L’avènement du Pastef au sommet du pouvoir étatique à l’issue de la présidentielle de mars 2024 constitue en soi une rupture systémique avec les changements continuels au sommet du pouvoir étatique après les alternances de 2000 et de 2012. C’est en effet, la première fois que les électeurs portent au Palais présidentiel une formation se réclamant du patriotisme, de la souveraineté politique et économique et du développement endogène du Sénégal et du panafricanisme. Ce choix stratégique impulsé par le Pastef et ses alliés rompt avec le système post-colonial bipolaire par essence, tel qu’il a été façonné et transmis par le Président Léopold Sédar Senghor et préservé par ses successeurs Abdou Diouf, Abdoulaye Wade et Macky Sall. L’avènement du troisième changement du 24 mars 2024 est une réelle alternative politique au modèle du régime présidentialiste et du développement extraverti. La réussite du projet alternatif casse le jeu traditionnel dominé par les socialistes et les libéraux démocratiques et/ou républicains. Le Pastef victorieux place ainsi les différents pontes de l’ancien régime post-colonial dans l’opposition. Le rapport de force oppose désormais le camp des patriotes au camp de l’opposition plurielle. De nombreux chefs de partis qui ont lutté contre le président de la République, Macky Sall et son pouvoir se dressent paradoxalement contre la mouvance présidentielle patriotique.
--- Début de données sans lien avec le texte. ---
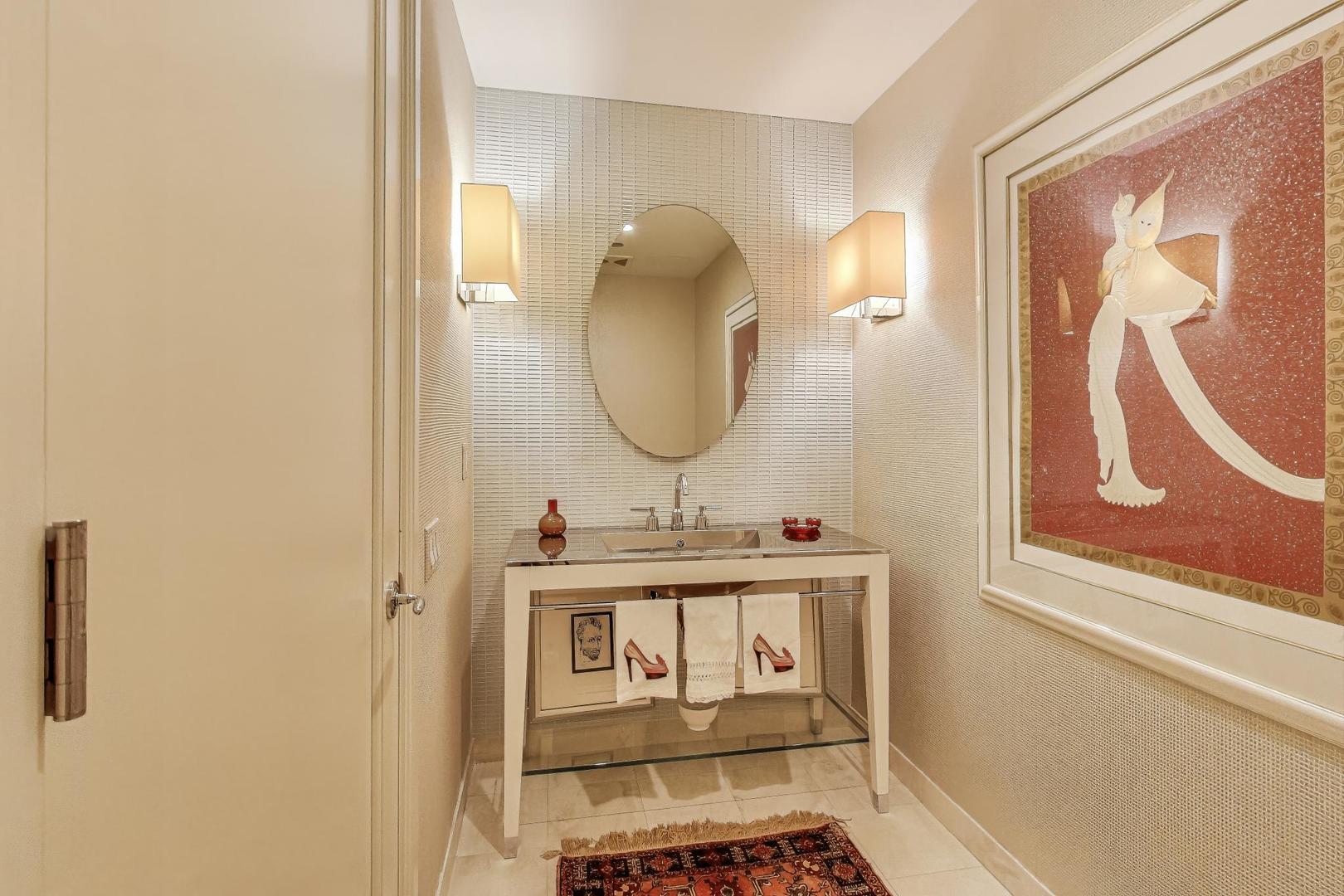 840 North Lake Shore Drive, Unit 2401 Chicago, IL 60611 - Photo 23 of 40 a bathroom with a sink and a mirror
Ce processus de recomposition unifiant les néo-opposants et certains de leurs adversaires d’hier relève de l’inédit dans la trajectoire politique du Sénégal. A la place d’une néo-opposition républicaine et ses anciens alliés, nous assistons à l’irruption d’une opposition par procuration et d’une néo- opposition éclatée, déchirée par des querelles internes au sein de la coalition Bennoo Bokk Yaakaar qui a gouverné pendant douze ans, de 2012 à 2024. Des pans entiers de l’opposition à l’ancien régime républicain ont basculé subitement dans l’opposition frontale au président de la République, Bassirou Diomaye Diakhar Faye, élu au premier tour avec de 54 % des suffrages exprimés et son régime. Il y a seulement huit mois, cette opposition plus radicale que les mauvais perdants républicains étaient à côté des forces démocratiques et patriotes dans la lutte pour le changement de régime. Qui veut tromper qui ?
Ainsi donc consciemment ou inconsciemment, les anciens adversaires du pouvoir républicain se transforment en des alliés objectifs de la nouvelle opposition et des maitres chanteurs du peuple souverain. Le mariage scellé entre les opposants par procuration et les néo-opposants est presque un mariage contre nature et sans lendemain. La peur de disparaitre du jeu politique représente une véritable hantise pour les uns et les autres. Les adversaires du pouvoir patriotique sont pris dans le piégé d’un jeu d’intérêts. La perte du pouvoir a secrété la psychose et un affolement sans précédent aussi bien chez les néo- opposants que dans les rangs des opposants par procuration. Les deux catégories d’opposition épidermique ne supportent pas apparemment l’idée d’être gouvernées par des Patriotes qu’ils qualifient à tort d’amateurs et d’incapables. Peu importe pour eux, la confiance du peuple souverain et l’espoir d’une nation libre et indépendante. L’invective journalière, la critique personnifiée, la perte du sens des responsabilités et du sang froid sont des armes que les opposants utilisent systématiquement pour dénigrer, désinformer, pour nier toute légitimité au Pastef et au pouvoir d’un président de la République, le mieux élu depuis plus de soixante ans.
Dans ce contexte marqué par la peur de rester longtemps dans l’opposition si ce n’est aller en prison, le Pastef et ses alliés devront faire preuve de lucidité face à ses adversaires désarmés. Il faut faire preuve d’intelligence dans le décryptage des enjeux de pouvoir pour éviter de tomber dans les pièges d’un psychodrame et des invectives dans lesquels se meuvent des adversaires menant une guerre crypto- personnelle perdue à l’avance. Il faut recentrer le débat autour du changement alternatif, de la rupture avec les anciennes pratiques politiciennes et le discours politicien des néo-opposants et des adversaires par procuration. Le Pastef doit être à l’avant-garde du changement des comportements et de vision de la gouvernance politique, économique et des valeurs éthiques républicaines. Les Sénégalais ont déjà démystifié et démythifié les opposants par procuration et exigent l’impératif de tourner la page des héritiers du système post-colonial qui a atteint ses limites historiques.